··· Data records ···

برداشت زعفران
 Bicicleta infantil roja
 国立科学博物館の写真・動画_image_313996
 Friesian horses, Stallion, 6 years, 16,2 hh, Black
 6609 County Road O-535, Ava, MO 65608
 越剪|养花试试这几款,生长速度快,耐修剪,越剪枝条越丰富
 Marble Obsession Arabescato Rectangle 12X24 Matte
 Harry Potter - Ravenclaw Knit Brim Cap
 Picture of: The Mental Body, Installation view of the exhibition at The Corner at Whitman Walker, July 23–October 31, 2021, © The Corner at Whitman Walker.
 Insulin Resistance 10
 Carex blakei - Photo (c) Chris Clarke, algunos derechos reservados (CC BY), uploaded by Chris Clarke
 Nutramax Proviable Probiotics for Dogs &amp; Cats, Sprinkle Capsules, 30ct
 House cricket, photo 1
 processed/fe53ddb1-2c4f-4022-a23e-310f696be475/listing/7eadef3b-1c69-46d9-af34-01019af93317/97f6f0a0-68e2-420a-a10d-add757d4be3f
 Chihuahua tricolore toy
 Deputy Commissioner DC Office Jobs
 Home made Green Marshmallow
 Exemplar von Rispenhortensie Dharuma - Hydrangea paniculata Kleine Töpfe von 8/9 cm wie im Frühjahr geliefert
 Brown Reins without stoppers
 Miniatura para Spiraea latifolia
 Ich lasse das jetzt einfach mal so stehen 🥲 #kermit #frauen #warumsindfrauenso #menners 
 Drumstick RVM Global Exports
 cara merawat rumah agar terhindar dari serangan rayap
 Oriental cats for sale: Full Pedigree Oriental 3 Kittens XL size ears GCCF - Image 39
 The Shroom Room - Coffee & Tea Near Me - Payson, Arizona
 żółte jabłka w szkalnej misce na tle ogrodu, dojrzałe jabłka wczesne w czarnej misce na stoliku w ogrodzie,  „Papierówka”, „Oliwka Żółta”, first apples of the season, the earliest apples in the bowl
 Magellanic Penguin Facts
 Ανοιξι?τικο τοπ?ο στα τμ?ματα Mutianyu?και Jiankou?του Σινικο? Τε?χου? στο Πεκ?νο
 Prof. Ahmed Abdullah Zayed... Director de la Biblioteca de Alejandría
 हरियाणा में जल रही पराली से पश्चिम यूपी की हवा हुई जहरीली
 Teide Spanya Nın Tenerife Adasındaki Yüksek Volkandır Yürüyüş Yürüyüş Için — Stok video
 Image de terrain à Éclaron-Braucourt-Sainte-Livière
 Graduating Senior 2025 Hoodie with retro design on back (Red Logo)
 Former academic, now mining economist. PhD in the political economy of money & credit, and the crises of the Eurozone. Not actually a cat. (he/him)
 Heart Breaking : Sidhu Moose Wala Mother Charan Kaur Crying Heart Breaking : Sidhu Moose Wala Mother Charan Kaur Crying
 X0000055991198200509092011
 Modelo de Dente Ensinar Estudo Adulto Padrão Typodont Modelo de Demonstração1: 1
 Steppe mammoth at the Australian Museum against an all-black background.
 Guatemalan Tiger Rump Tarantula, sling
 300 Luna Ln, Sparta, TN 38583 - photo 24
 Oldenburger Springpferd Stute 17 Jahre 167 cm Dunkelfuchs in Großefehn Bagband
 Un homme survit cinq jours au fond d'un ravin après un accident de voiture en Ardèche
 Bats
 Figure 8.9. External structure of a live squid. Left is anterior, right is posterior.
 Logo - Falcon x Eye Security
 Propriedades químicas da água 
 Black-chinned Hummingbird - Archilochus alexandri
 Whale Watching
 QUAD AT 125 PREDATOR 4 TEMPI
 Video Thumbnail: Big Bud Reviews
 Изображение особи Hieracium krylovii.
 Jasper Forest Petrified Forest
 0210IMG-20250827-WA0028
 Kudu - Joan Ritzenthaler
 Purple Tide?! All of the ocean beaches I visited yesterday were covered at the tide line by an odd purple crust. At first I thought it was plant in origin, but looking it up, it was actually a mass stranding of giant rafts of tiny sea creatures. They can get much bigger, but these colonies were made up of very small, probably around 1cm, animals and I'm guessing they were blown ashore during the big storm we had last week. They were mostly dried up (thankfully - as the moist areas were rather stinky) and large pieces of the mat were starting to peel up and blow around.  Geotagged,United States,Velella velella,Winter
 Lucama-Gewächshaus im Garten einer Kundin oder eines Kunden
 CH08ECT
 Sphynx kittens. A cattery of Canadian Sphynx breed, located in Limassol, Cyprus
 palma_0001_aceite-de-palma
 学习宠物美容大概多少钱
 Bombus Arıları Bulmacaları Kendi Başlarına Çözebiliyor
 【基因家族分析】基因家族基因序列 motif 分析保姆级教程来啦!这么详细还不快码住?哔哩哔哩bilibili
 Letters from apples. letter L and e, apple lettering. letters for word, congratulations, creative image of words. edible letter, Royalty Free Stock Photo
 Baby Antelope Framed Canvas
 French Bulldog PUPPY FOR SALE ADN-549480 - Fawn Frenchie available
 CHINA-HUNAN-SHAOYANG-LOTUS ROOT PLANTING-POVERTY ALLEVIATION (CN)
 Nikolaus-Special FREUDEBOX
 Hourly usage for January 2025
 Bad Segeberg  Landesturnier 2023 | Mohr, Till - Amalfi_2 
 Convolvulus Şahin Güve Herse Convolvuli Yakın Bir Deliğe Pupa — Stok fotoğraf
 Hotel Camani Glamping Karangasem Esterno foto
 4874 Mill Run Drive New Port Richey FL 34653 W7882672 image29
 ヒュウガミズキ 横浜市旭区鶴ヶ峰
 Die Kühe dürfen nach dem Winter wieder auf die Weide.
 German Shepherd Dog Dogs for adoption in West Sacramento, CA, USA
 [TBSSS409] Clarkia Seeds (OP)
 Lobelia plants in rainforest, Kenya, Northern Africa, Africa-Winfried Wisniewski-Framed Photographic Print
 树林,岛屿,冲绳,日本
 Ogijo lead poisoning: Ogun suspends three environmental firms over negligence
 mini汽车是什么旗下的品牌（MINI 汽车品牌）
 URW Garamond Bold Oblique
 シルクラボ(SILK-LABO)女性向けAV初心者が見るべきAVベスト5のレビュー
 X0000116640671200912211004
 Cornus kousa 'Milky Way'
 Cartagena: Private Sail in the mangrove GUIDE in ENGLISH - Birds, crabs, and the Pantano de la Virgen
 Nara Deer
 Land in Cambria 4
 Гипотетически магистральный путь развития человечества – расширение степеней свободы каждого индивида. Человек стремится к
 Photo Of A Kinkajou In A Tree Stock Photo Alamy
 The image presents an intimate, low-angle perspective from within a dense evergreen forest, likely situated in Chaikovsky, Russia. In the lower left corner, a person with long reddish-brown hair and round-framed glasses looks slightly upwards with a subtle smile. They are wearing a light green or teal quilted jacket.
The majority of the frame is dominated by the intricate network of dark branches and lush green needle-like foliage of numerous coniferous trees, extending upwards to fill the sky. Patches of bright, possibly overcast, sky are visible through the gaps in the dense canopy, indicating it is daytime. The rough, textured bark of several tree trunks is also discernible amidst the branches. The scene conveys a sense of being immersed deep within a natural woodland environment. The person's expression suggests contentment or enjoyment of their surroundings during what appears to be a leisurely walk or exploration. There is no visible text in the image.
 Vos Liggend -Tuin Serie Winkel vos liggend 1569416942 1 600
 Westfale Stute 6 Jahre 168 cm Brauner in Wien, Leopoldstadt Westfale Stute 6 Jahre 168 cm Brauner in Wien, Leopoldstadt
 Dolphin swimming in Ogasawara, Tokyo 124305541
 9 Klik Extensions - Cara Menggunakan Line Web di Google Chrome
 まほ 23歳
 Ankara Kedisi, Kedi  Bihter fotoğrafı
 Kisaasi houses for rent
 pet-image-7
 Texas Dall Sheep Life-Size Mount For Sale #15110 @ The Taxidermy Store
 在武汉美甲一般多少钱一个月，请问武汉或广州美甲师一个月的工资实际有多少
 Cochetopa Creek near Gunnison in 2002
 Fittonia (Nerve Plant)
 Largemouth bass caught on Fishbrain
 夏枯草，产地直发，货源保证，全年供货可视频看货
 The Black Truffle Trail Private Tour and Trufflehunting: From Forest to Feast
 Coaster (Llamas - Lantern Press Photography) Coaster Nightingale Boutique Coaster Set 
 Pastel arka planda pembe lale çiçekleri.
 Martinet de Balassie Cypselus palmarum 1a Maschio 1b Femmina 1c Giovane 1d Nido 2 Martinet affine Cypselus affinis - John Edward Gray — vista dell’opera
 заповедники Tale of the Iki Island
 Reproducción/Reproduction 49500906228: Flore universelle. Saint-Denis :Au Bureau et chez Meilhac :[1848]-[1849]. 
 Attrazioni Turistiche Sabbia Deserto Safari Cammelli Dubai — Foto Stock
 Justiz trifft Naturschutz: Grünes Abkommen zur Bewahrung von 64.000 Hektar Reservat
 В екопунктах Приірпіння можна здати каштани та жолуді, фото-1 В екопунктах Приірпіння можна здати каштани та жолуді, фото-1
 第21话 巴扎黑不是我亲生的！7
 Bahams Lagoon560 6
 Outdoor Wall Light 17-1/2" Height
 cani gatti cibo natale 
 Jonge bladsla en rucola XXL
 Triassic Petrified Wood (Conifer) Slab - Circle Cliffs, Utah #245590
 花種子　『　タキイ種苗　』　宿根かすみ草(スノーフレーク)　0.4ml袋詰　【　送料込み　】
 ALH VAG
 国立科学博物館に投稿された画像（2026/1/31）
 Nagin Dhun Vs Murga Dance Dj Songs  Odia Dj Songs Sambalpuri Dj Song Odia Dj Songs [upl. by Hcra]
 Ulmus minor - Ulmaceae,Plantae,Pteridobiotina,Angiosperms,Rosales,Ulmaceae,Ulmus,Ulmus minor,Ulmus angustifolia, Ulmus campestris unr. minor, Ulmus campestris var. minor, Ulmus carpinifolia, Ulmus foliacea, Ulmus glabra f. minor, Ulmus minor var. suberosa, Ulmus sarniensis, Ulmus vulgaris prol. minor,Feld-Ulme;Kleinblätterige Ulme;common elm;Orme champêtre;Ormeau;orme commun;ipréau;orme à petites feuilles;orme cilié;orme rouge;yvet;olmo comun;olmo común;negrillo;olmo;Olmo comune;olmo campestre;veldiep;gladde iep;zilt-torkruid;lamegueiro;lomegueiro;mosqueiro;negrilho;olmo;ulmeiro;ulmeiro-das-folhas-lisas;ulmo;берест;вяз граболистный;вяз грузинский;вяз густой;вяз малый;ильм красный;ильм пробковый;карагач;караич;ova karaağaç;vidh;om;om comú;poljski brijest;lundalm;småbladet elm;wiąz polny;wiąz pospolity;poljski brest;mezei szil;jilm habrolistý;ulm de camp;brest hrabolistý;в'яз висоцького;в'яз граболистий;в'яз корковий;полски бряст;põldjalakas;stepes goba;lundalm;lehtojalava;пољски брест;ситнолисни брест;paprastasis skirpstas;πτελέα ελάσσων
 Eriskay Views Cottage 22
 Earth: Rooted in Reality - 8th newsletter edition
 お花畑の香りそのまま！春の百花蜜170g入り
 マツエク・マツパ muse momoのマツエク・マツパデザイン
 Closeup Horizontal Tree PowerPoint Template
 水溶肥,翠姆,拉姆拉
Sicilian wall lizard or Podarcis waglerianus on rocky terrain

···

When a line of the records includes "Dogs", that line belongs in the answer.

 Nutramax Proviable Probiotics for Dogs &amp; Cats, Sprinkle Capsules, 30ct
 German Shepherd Dog Dogs for adoption in West Sacramento, CA, USA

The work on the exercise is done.